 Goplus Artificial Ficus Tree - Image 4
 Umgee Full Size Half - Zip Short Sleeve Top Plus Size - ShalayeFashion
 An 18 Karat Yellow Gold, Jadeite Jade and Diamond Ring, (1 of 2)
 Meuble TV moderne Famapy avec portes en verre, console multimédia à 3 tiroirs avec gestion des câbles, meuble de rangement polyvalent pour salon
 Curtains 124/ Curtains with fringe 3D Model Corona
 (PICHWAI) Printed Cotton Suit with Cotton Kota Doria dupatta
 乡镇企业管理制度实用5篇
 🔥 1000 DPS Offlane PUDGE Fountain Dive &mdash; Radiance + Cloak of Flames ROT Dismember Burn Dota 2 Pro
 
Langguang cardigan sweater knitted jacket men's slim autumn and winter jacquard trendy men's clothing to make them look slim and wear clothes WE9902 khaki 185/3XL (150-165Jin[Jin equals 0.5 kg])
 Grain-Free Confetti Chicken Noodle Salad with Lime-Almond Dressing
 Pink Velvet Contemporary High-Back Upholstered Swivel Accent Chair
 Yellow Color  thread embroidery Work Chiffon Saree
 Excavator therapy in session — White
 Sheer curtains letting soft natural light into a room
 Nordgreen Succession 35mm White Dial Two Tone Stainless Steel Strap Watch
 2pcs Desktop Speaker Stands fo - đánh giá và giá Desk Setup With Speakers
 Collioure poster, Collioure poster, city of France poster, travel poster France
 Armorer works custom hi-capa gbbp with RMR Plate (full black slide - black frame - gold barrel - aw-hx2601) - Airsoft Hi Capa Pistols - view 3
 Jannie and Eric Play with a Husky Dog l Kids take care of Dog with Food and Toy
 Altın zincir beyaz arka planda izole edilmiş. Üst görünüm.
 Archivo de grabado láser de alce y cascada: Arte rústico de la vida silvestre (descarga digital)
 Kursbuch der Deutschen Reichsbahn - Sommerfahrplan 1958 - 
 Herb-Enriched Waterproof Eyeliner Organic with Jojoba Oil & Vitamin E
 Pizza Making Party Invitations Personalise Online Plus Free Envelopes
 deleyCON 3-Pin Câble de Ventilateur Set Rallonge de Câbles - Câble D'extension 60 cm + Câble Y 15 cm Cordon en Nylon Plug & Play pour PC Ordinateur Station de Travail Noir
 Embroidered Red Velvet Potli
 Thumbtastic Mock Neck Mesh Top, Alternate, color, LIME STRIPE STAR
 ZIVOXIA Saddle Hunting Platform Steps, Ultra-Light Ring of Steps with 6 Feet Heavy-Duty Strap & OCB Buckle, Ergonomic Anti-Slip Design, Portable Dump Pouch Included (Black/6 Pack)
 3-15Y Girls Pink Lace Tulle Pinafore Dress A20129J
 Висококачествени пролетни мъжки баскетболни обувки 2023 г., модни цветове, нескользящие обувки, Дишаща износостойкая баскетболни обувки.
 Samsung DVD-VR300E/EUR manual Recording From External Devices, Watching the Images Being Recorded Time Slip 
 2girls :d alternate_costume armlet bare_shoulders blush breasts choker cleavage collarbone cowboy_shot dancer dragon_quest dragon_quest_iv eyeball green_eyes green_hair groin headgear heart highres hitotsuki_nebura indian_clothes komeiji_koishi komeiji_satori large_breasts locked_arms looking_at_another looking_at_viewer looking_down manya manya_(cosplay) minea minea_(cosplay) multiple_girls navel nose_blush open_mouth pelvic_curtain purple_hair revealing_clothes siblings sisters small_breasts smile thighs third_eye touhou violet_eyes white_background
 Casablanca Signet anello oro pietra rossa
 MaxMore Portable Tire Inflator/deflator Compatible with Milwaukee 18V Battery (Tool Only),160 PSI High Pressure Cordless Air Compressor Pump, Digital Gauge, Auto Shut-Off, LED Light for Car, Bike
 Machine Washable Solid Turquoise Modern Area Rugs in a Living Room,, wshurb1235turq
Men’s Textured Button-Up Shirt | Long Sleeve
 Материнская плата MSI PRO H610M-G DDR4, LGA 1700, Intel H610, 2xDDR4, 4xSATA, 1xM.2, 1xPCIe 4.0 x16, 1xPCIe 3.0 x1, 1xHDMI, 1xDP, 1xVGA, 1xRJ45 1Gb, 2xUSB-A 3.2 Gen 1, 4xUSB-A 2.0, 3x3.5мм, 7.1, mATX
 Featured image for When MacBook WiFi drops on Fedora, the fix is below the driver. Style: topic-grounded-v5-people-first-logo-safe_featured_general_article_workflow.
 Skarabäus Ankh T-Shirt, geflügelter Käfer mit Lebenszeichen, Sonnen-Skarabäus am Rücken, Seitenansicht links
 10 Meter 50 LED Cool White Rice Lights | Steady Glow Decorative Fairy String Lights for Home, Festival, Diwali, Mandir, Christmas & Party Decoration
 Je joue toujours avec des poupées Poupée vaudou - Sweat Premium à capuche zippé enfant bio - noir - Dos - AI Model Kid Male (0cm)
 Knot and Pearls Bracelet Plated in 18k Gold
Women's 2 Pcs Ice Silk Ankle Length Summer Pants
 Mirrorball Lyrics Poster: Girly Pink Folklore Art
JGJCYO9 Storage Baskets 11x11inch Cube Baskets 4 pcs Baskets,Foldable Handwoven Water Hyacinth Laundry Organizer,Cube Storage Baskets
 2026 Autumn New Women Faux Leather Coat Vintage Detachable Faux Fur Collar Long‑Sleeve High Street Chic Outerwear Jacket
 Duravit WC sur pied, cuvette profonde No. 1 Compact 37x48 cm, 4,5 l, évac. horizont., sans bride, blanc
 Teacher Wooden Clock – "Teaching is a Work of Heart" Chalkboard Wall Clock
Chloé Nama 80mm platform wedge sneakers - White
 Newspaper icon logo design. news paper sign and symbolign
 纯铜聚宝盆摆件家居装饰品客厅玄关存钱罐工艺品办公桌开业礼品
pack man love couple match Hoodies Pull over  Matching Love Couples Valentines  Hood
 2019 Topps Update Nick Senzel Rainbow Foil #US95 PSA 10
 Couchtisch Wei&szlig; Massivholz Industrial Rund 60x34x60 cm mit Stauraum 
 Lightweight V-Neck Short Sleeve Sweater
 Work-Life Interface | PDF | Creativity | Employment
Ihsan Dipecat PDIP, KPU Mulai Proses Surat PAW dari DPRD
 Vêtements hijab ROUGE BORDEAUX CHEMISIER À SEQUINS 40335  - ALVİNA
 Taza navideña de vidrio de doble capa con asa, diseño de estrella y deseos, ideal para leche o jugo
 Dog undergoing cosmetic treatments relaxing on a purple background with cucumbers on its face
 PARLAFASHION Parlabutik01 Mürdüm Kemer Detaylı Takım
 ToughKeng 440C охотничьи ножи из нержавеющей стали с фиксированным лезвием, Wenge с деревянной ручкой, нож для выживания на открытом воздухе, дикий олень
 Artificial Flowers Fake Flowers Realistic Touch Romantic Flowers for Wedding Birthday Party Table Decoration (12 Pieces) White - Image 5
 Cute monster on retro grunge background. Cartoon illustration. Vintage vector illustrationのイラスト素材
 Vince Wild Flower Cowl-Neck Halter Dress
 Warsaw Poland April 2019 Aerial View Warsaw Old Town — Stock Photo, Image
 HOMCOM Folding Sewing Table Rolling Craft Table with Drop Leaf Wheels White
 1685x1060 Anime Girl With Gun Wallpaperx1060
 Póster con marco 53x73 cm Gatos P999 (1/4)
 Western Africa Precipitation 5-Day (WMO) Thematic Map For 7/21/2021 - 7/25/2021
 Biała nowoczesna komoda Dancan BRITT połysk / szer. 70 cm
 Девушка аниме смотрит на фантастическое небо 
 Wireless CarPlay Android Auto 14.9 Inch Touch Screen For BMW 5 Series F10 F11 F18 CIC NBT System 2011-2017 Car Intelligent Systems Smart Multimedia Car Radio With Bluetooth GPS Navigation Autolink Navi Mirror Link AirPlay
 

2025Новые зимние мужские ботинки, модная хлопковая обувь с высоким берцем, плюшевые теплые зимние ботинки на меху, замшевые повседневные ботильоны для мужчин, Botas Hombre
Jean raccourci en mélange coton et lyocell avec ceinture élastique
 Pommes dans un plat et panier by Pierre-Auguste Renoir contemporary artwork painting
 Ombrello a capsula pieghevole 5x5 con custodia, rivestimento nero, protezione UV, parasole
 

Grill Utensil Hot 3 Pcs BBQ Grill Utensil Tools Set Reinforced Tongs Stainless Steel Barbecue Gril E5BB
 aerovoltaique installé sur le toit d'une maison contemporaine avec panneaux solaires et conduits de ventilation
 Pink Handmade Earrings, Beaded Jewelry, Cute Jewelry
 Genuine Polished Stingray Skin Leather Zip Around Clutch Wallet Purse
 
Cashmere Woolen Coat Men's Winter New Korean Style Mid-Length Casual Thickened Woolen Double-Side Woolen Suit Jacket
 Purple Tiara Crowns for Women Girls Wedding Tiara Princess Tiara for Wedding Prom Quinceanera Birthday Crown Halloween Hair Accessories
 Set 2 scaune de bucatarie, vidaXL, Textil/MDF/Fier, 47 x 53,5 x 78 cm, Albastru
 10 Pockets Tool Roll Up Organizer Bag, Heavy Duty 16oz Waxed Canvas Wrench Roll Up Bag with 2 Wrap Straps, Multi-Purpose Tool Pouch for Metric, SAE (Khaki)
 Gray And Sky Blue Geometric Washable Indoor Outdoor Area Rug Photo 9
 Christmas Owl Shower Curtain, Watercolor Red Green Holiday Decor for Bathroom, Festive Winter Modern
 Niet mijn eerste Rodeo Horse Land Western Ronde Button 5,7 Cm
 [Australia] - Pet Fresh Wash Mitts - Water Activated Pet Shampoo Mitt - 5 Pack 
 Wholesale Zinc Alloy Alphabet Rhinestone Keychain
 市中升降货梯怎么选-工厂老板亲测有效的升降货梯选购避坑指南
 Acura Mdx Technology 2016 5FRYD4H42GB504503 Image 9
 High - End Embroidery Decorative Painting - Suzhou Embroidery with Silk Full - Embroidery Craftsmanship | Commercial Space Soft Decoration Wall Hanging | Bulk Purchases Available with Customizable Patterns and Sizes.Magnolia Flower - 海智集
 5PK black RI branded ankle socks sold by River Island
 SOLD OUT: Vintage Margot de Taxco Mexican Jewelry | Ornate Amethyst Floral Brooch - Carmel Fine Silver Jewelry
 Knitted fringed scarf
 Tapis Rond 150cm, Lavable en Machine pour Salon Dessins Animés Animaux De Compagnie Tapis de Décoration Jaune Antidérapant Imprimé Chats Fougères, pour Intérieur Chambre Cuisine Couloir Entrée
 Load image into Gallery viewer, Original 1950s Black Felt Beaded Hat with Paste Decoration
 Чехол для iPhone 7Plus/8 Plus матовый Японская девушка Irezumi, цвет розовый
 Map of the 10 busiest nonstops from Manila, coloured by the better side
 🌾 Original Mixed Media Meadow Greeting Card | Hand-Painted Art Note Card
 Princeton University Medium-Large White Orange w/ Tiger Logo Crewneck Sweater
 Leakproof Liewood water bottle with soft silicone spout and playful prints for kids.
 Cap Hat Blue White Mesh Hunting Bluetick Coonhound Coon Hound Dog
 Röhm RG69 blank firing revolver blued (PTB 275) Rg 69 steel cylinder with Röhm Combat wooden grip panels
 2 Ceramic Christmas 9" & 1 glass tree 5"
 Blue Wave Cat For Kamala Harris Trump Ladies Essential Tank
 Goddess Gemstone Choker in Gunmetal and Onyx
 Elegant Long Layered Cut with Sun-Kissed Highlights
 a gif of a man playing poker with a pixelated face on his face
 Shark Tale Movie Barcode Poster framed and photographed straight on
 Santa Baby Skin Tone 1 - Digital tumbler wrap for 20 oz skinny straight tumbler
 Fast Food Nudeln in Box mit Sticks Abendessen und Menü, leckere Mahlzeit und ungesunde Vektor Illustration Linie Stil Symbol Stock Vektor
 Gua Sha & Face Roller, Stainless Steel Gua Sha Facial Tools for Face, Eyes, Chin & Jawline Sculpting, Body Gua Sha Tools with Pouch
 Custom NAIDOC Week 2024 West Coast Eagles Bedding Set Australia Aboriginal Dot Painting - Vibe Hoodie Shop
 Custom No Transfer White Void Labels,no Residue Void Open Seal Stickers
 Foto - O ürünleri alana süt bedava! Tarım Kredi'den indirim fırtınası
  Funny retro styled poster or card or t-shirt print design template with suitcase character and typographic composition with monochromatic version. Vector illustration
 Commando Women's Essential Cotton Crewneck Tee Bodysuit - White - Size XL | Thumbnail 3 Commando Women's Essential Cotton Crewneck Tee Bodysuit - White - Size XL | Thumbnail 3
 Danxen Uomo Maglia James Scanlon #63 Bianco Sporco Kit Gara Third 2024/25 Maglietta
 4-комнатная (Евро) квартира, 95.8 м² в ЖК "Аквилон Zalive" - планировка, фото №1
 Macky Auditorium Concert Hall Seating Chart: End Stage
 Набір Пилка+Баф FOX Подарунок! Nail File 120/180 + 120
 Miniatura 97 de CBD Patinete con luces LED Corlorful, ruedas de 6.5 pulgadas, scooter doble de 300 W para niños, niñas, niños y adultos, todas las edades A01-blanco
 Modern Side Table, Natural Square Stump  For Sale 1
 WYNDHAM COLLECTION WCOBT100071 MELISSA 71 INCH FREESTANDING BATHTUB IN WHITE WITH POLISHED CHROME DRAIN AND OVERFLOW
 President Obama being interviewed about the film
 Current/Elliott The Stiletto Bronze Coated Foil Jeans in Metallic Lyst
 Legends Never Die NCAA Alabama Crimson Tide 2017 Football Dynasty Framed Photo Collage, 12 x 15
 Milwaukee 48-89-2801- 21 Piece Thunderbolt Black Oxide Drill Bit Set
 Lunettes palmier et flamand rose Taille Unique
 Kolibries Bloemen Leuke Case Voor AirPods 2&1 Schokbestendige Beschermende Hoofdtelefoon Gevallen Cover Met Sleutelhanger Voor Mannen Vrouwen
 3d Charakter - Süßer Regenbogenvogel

--

▶ [WORK REQUEST]: Within the material above, extract exactly the lines that start at the line containing "Blue Wave Cat" and stop after the line containing "Foto - O ürünleri", and only those.

▶ [REPLY]:
 Blue Wave Cat For Kamala Harris Trump Ladies Essential Tank
 Goddess Gemstone Choker in Gunmetal and Onyx
 Elegant Long Layered Cut with Sun-Kissed Highlights
 a gif of a man playing poker with a pixelated face on his face
 Shark Tale Movie Barcode Poster framed and photographed straight on
 Santa Baby Skin Tone 1 - Digital tumbler wrap for 20 oz skinny straight tumbler
 Fast Food Nudeln in Box mit Sticks Abendessen und Menü, leckere Mahlzeit und ungesunde Vektor Illustration Linie Stil Symbol Stock Vektor
 Gua Sha & Face Roller, Stainless Steel Gua Sha Facial Tools for Face, Eyes, Chin & Jawline Sculpting, Body Gua Sha Tools with Pouch
 Custom NAIDOC Week 2024 West Coast Eagles Bedding Set Australia Aboriginal Dot Painting - Vibe Hoodie Shop
 Custom No Transfer White Void Labels,no Residue Void Open Seal Stickers
 Foto - O ürünleri alana süt bedava! Tarım Kredi'den indirim fırtınası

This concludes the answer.